* **What is needed**
In the records below, repeat word for word only the lines starting at the one that contains "لاعبو منتخب مصر" and ending at the one that contains "Villa - 4 Bedrooms", pictures excluded.

* **Input**
☆ ☆ ☆ ☆ ☆ ☆ ☆

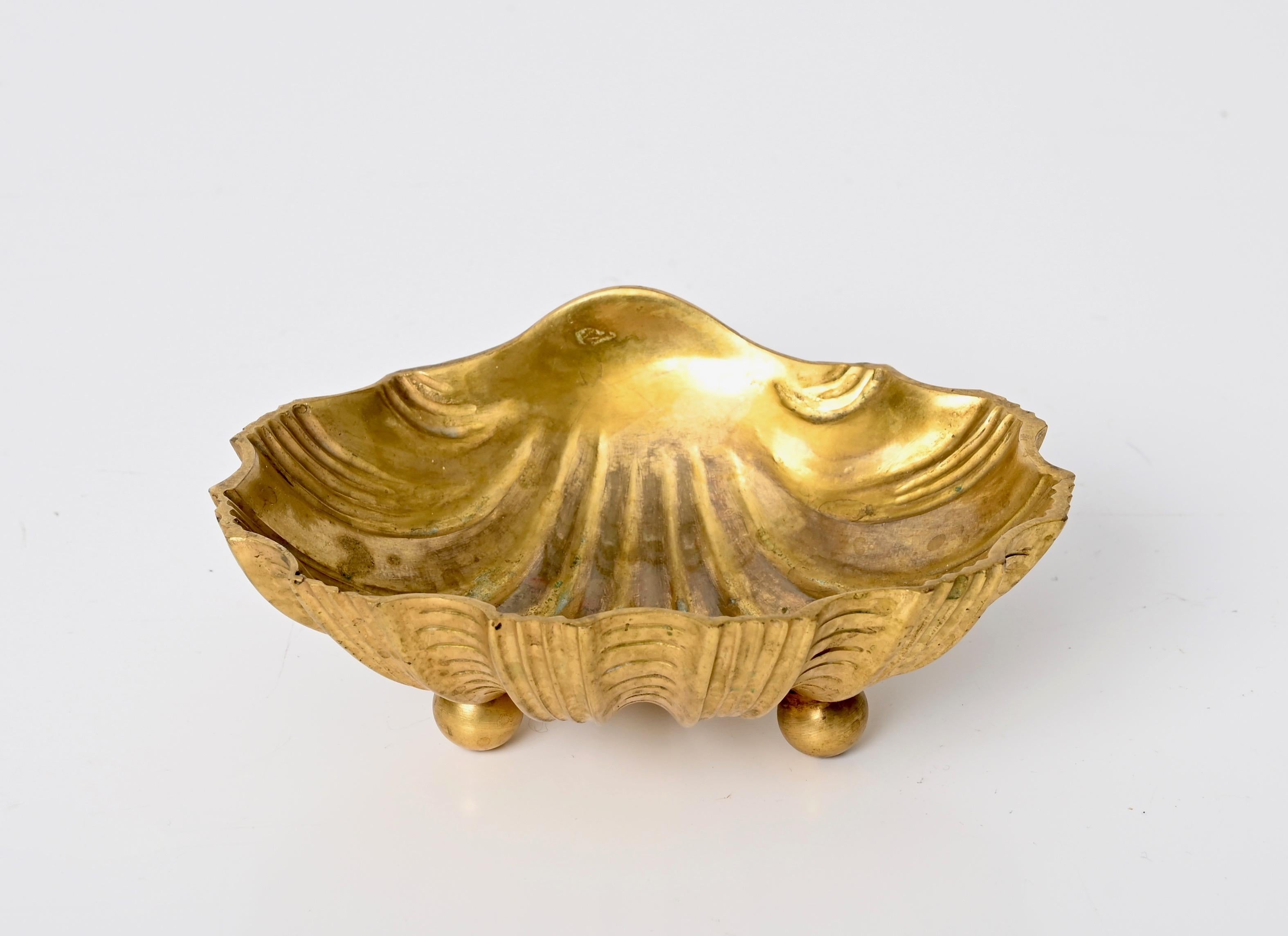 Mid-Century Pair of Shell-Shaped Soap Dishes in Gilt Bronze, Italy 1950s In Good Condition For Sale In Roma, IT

☆ ☆ ☆ ☆ ☆ ☆ ☆

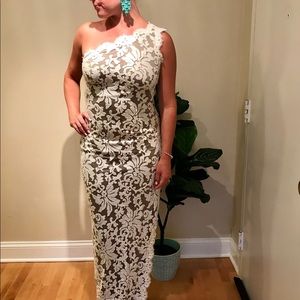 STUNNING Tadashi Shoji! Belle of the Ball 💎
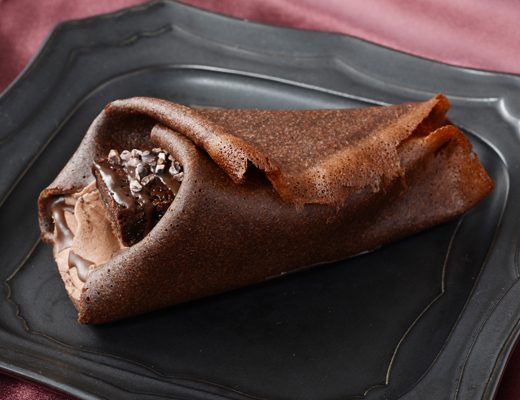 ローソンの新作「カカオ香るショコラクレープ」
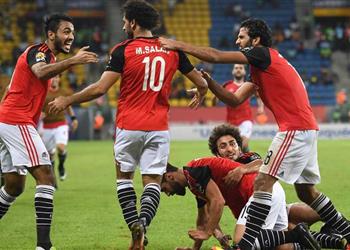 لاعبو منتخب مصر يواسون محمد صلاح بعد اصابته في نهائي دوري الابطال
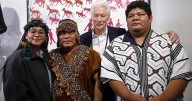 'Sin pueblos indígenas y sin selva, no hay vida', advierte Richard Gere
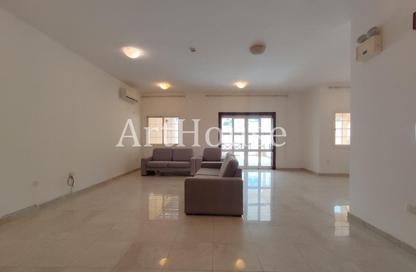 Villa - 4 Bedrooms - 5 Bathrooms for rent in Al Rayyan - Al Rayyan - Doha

☆ ☆ ☆ ☆ ☆ ☆ ☆

* **Exercise answer**
 لاعبو منتخب مصر يواسون محمد صلاح بعد اصابته في نهائي دوري الابطال
 'Sin pueblos indígenas y sin selva, no hay vida', advierte Richard Gere
 Villa - 4 Bedrooms - 5 Bathrooms for rent in Al Rayyan - Al Rayyan - Doha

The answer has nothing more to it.